Perusahaan yang terdaftar di Bursa Efek Indonesia dengan kode saham IATA ini membeli pengelolaan ruas jalan tol tersebut dari Grup Bakrie pada 2012. Ruas tol ini akan menjadi proyek jalan tol ketiga yang digarap IATA tahun ini. "Dalam waktu dekat kami akan mulai mengerjakan jalan tol Ciawi–Sukabumi sampai ke Lido," kata Syafril Nasution, Direktur Utama Indonesia Transport & Infrastruktur kepada KONTAN beberapa waktu lalu.
Proyek jalan tol yang terdiri dari empat seksi ini bakal dimulai dari seksi I antara Ciawi sampai Gombong sepanjang 15 kilometer (km). Saat ini ruas tersebut masih dalam proses pembebasan lahan. Oktober 2014 nanti pembebasan lahan diharapkan sudah mencapai 90%. Setelah itu bisa berlanjut ke tahap pengerjaan konstruksi.
Namun, hingga kini, Indonesia Transport masih belum memutuskan siapa perusahaan kontraktor yang bakal mengerjakan proses konstruksi. Tapi ada kemungkinan, kata Syafril, pengerjaan konstruksi seksi I proyek jalan tol ini bakal dikerjakan IATA sendiri. "Nilainya sekitar Rp 1,5 triliun," imbuhnya.
Ruas jalan tol Ciawi–Sukabumi merupakan proyek ketiga dari konsesi jalan tol yang dimiliki MNC Group. Konsesi pertama adalah jalan tol Kanci–Pejagan yang beroperasi sejak 2010. Kedua, ruas jalan tol Pejagan–Pemalang yang proses konstruksinya baru saja dimulai oleh PT Waskita Karya Tbk (WSKT) dengan opsi dibeli kembali.
Adapun pengerjaan ruas jalan tol terakhir, Pasuruan–Probolinggo baru akan terlaksana tahun depan. Saat ini, manajemen IATA masih berusaha membebaskan lahan di sepanjang ruas jalan tol di Jawa Timur tersebut.
Siap garap bandara
Langkah IATA memacu bisnis jalan tol ini sebagai upaya mendongkrak kinerja perusahaan. Memasuki pertengahan tahun, kinerja keuangan perusahaan ini masih belum berhasil menunjukan tajinya.
Kinerja IATA di semester I tahun ini turun tipis sekitar 4,46% menjadi US$ 12,77 juta ketimbang periode serupa tahun lalu yang sebesar US$ 13,34 juta.
Dampaknya kerugian IATA pun berlipat.
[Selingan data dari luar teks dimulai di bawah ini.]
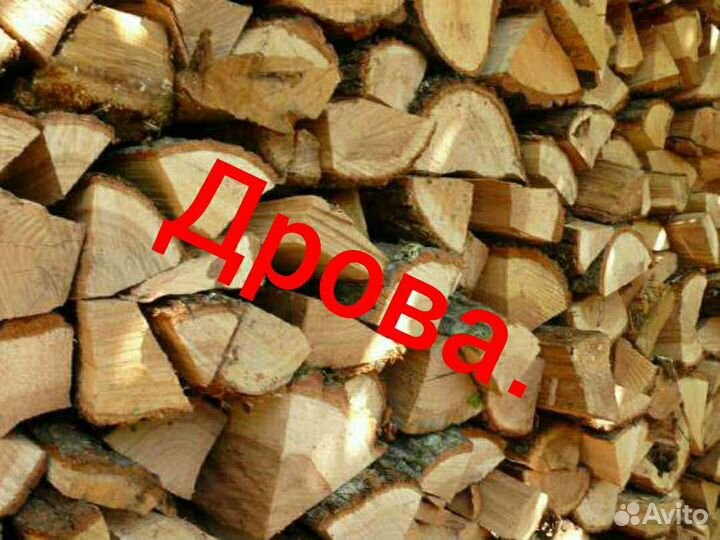 Дрова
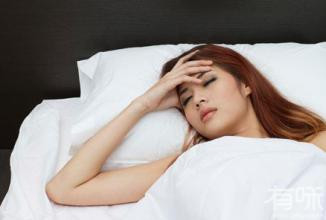 长期失眠了怎么办？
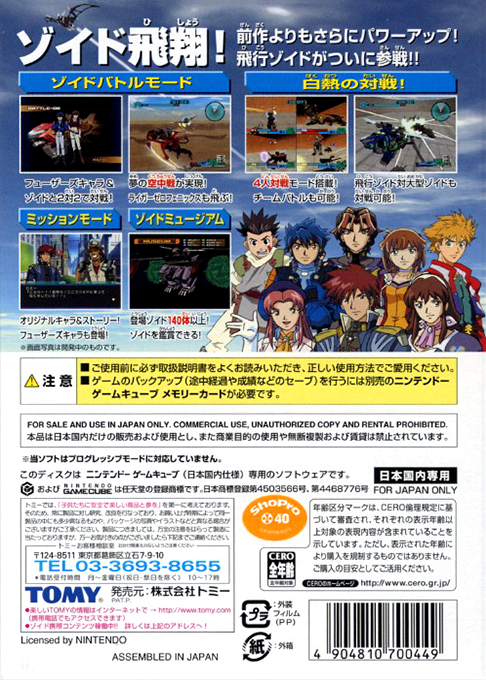 Zoids Vs. 3 — box-2D-back (JP)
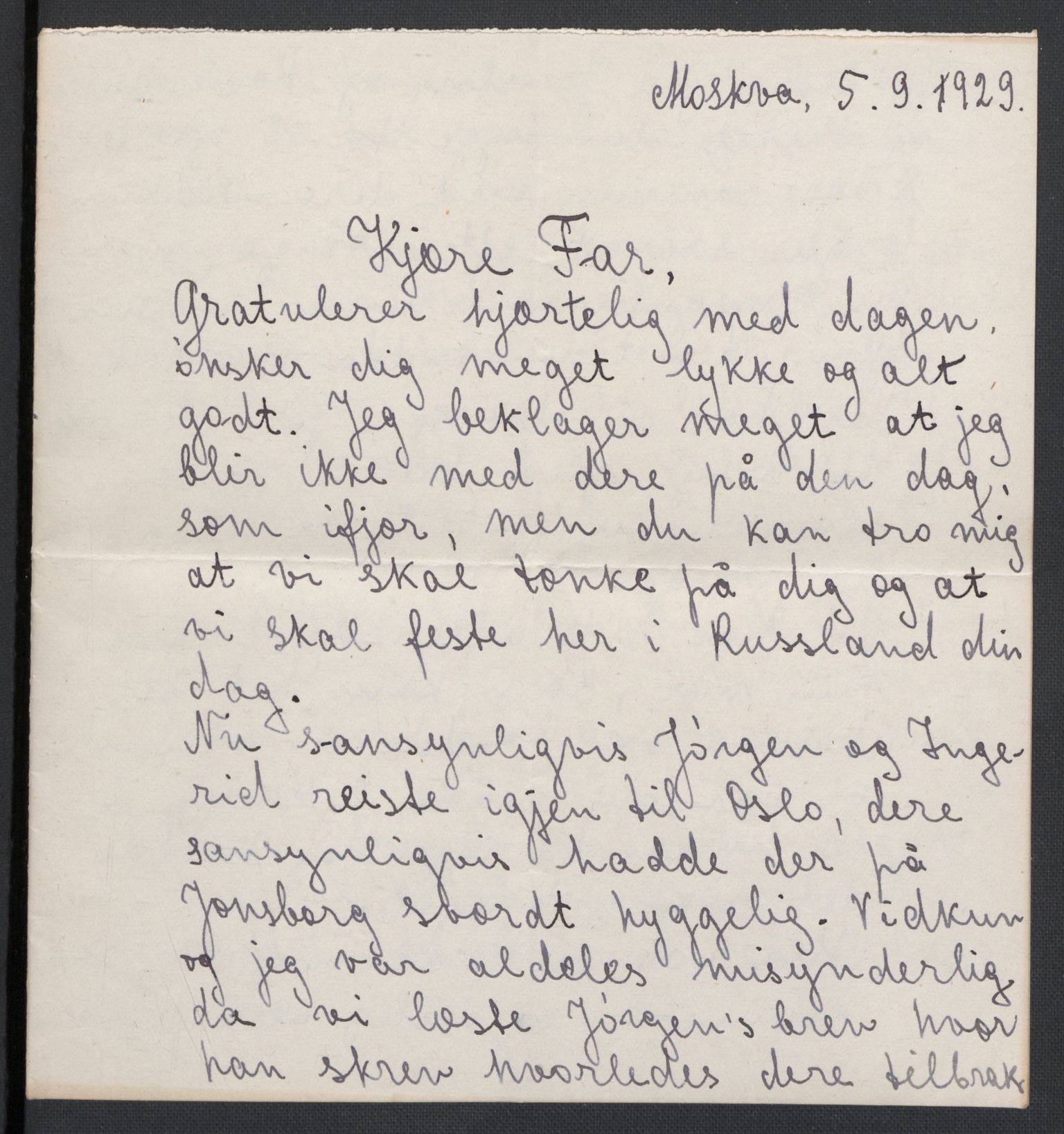 Quisling, Vidkun, AV/RA-PA-0750/K/L0001: Brev til og fra Vidkun Quisling samt til og fra andre medlemmer av familien Quisling, samt Vidkun Quislings karakterbøker, 1894-1929, p. 196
Semester I 2013 kerugian IATA mencapai US$ 2,13 juta, dan periode yang sama tahun ini melompat menjadi US$ 4,67 juta. "Kami memang mengalami penurunan karena berakhirnya kontrak dengan Total E & P Indonesia April lalu," ujar Syafril.
Penurunan itu tampak dari kontribusi pendapatan dari jasa kontrak pesawat carteran yang dioperasikan IATA. Semester I 2013, bisnis ini mengantongi pendapatan
US$ 12,41 juta. Periode sama 2014 cuma US$ 10,19 juta.
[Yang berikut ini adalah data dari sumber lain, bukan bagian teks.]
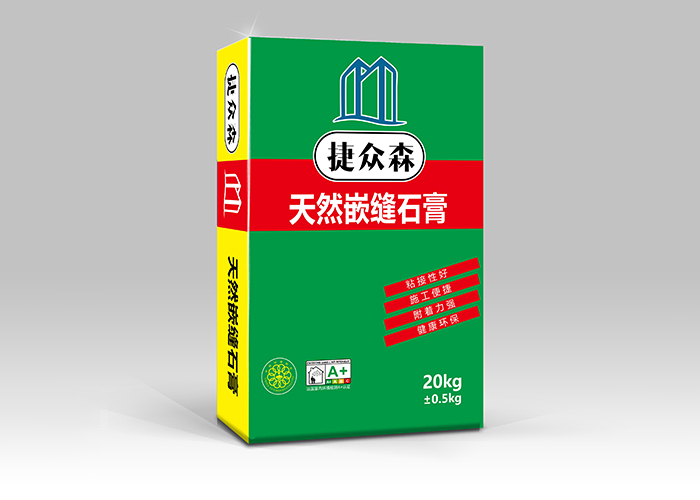 天然嵌縫石膏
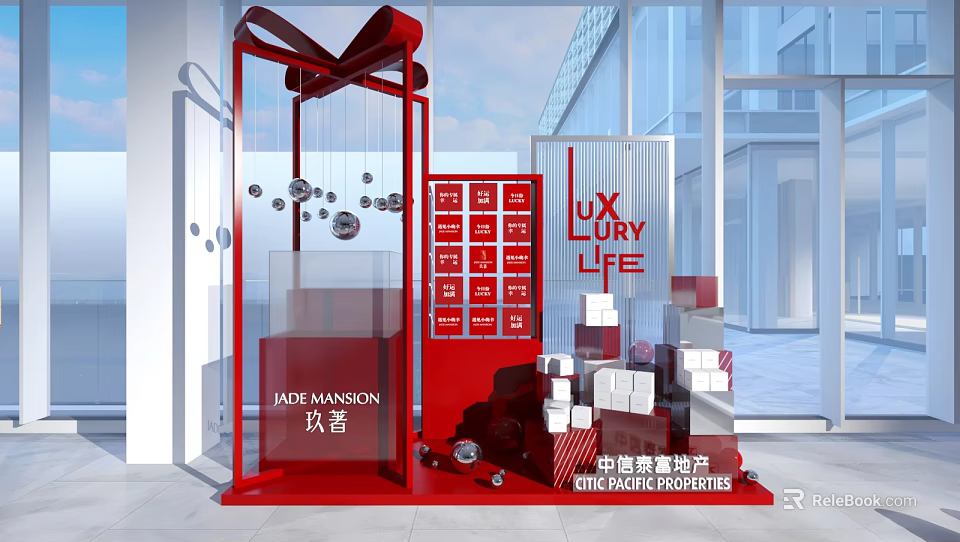 Luxury Life Themed Red Display For MAX Mansion With Transparent Gift Box And Decorative Blocks 3d model 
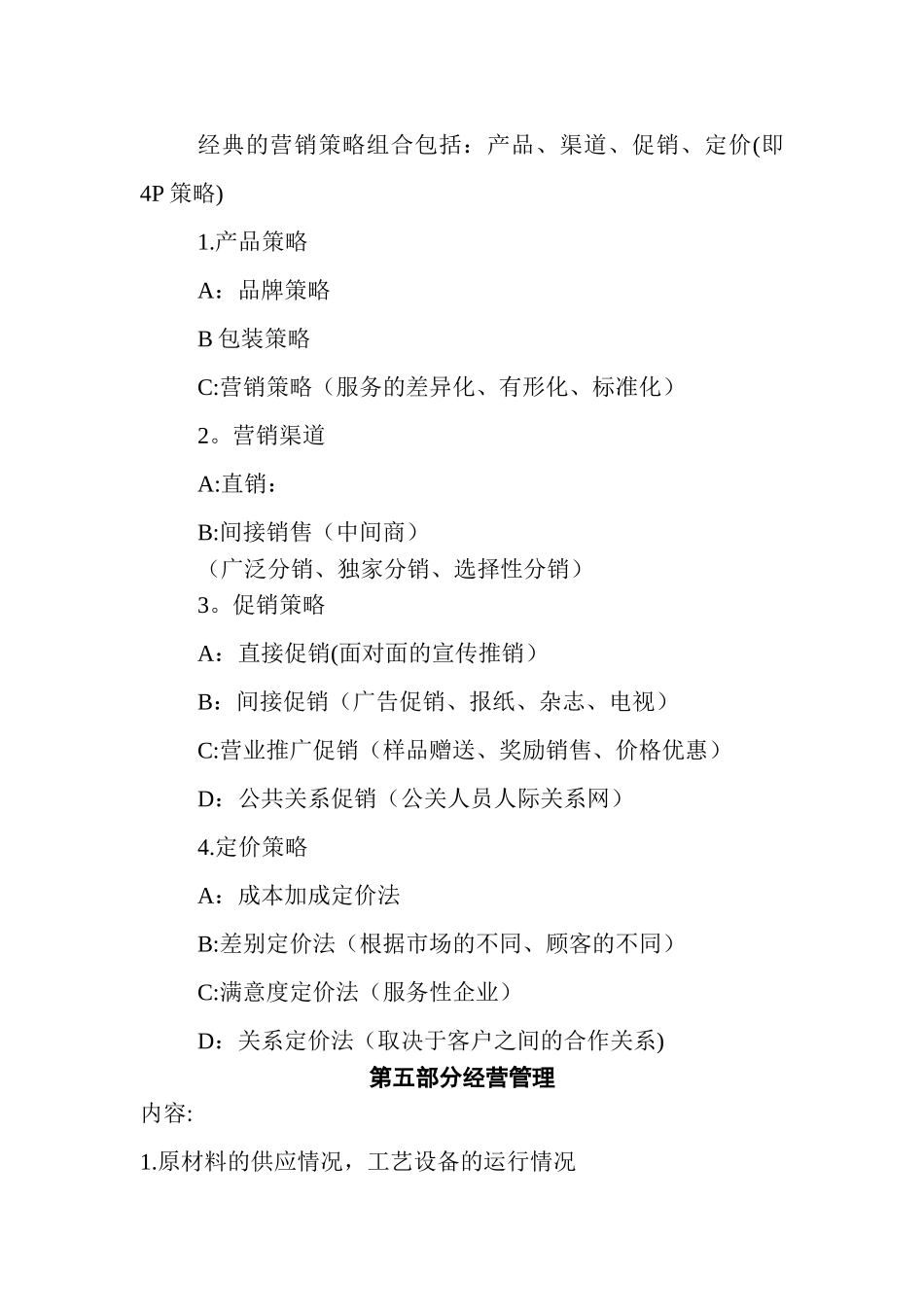 标准商业计划书(格式及要求)_第3页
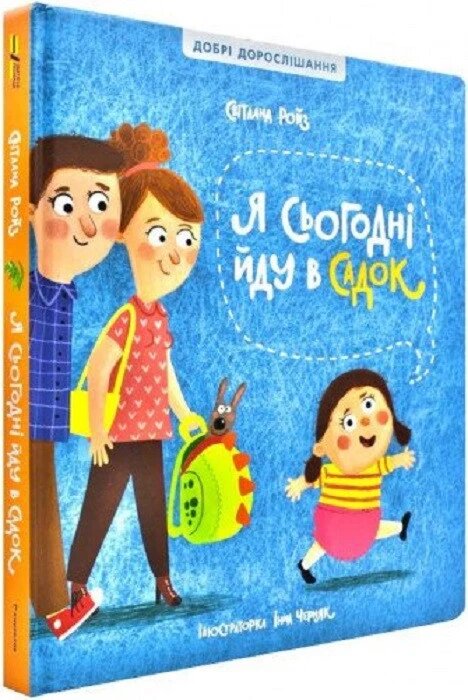 Книга Я сьогодні йду в садок. Автор - Світлана Ройз (#книголав) від компанії Книгарня БУККАФЕ - фото 1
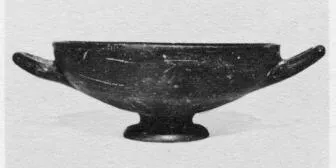 CUP (SOUTH ITALIAN, BUCCHERO)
Meski begitu, Syafril optimistis pendapatan IATA bisa membaik di kuartal berikutnya. Saat ini, katanya, pihaknya tengah mengejar kontrak sewa pesawat dari beberapa perusahaan migas seperti ENI Indonesia dan Santos Indonesia. Nilai kontrak yang diincar sekitar US$ 40 juta.
Meski rapor masih merah semester I lalu, kinerja keuangan IATA masih bisa terselamatkan setelah pendapatan dari pengoperasian pelabuhan batubara di Kalimantan Timur dan Sumatera Selatan bisa tercatat di semester satu ini. Meski dua pelabuhan tersebut baru digunakan sekitar 60%–70%, tetapi sudah berhasil menyumbang 6,07% atau sekitar US$ 776.080 ke pendapatan konsolidasi perseroan di periode tersebut.
Terkait ekspansi bisnis lainnya, IATA tengah mempersiapkan diri mulai masuk lini bisnis pembangunan bandara. Tanpa merinci lebih lanjut, menurut Syafril, saat ini ia tengah menjalin pembicaraan intensif dengan Pemerintah Kota (Pemkot) Bontang, Kalimantan Timur.
Menurutnya, bila pemerintah setempat sudah siap melaksanakan pembebasan lahan di areal proyek bandara yang masih dirahasiakan, pihaknya bisa langsung mengerjakan proyek tersebut. "Pokoknya MNC Group akan fokus ke proyek infrastruktur," tandasnya.